Given the power imbalance, small suppliers may feel compelled to quietly absorb losses to preserve shelf space. Larger players are more likely to negotiate directly with grocers—Code or no Code—and avoid any public process entirely.

The federal Competition Bureau investigated possible monopolistic conditions in 2022, giving political weight to the push for a code. But three broader forces really shaped this initiative: the COVID-era shortages, the food and fuel price surge following Russia’s invasion of Ukraine and the wider inflation wave from 2021 to 2023.

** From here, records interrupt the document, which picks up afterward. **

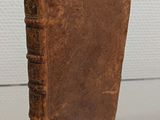 an old brown book sitting on top of a glass table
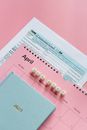 Tax Return Form and 2021 Planner on Pink Surface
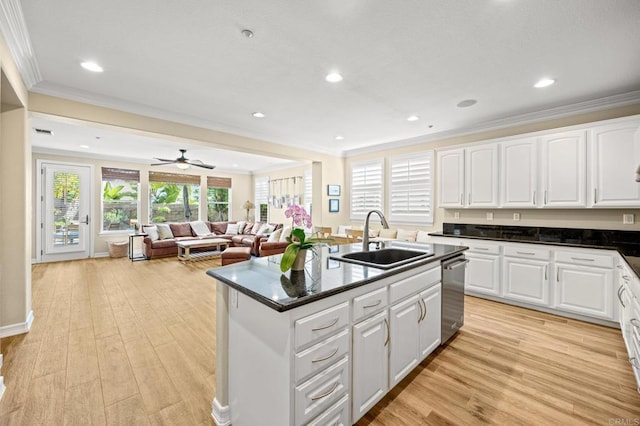2185 Twain Ave, Carlsbad, CA 92008 - kitchen with a sink, crown molding, stainless steel dishwasher, an island with sink, and light wood-type flooring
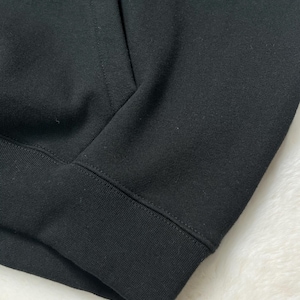 Puede incluir: Primer plano de una sudadera con capucha negra. La imagen resalta la textura de la tela y los detalles de las costuras. El pu&ntilde;o y el dobladillo acanalados son visibles, lo que indica un estilo informal.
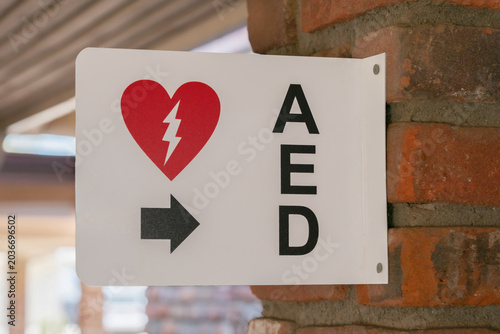 AED Emergency Defibrillator Location Sign Mounted On Brick Column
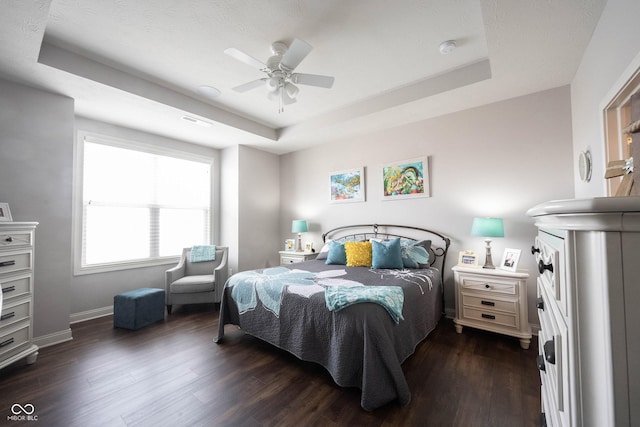 bedroom featuring dark wood finished floors, visible vents, and a tray ceiling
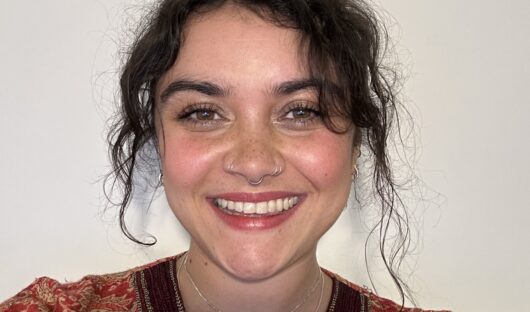 This is a selfie featuring a woman, Emma. She has curly brown hair and is wearing an orange top with yellow and brown patterns.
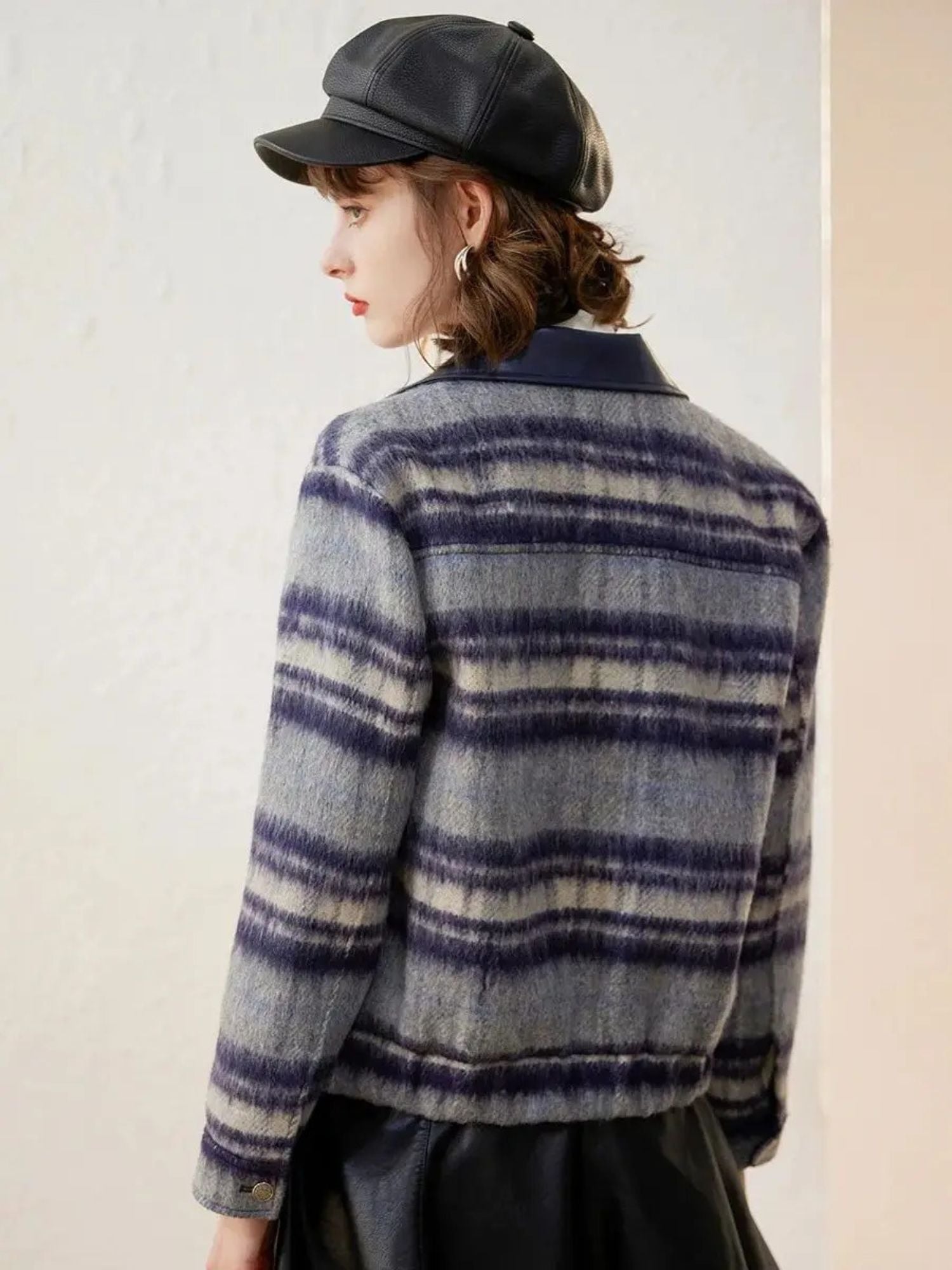 Back view of woman in plaid jacket, showing pattern detail
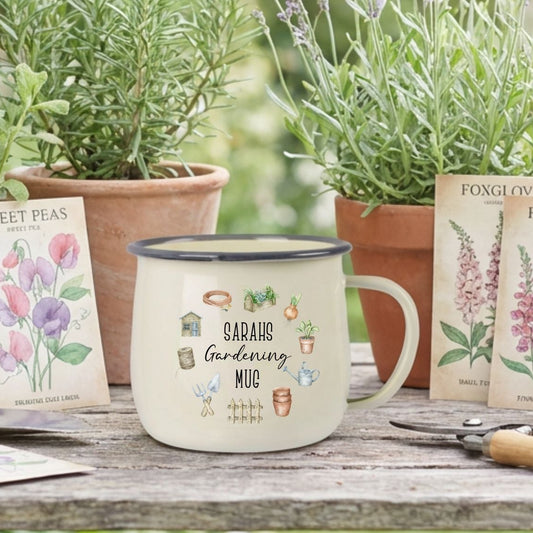 Gardening setup with potted plants, a mug, and seed packets on a wooden table.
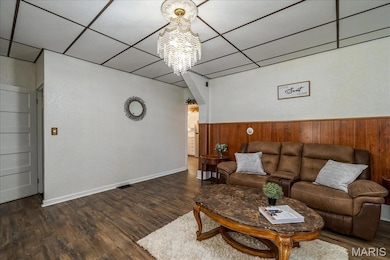 Main floor Living room featuring a chandelier, dark wood finished floors, and a drop ceiling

Still, inflation data weakens the idea that grocers exploited their market share. Between March 2020 and March 2024, Canada’s broad money supply rose 36 per cent, but consumer prices increased just 20 per cent. That suggests grocers may have helped contain inflation, not drive it. Even during the supposed “greedflation” peak, inflation hovered near two per cent, a figure hardly consistent with runaway profiteering.

Profit margins tell a more grounded story. Loblaw posted an average EBITDA margin of 11.2 per cent for the three years ending Dec. 28, 2024; up from 10.06 per cent for 2019 to 2021, and 8.7 per cent from 2016 to 2018. That’s a steady trend, not a pandemic windfall.

Metro saw more modest gains, from 7.6 per cent pre-COVID to 9.6 per cent by the end of 2024. Empire showed the biggest jump, from 3.9 per cent pre-COVID to 7.6 per cent by May 2025—but this likely reflects a catch-up to competitors rather than abnormal profits.

EBITDA—earnings before interest, taxes, depreciation and amortization—is a standard way to measure profitability. In a capital-intensive industry like grocery retail, rising margins often reflect consolidation, automation and long-term investment, not price gouging.

Prominent voices, like Troy Media contributor and Dalhousie Professor Sylvain Charlebois, hailed the Code as a way to curb potential abuses. Whether those abuses were widespread or even preventable during a global supply crisis is far from clear.

More competition is always welcome, and regional grocers continue to challenge the Big Five. But there’s still no compelling evidence that grocers abused market dominance, hurt consumers or drove inflation.

And this Code? It’s unlikely to change much for the very people it claims to protect.

Ian Madsen is a senior policy analyst at the Frontier Centre for Public Policy.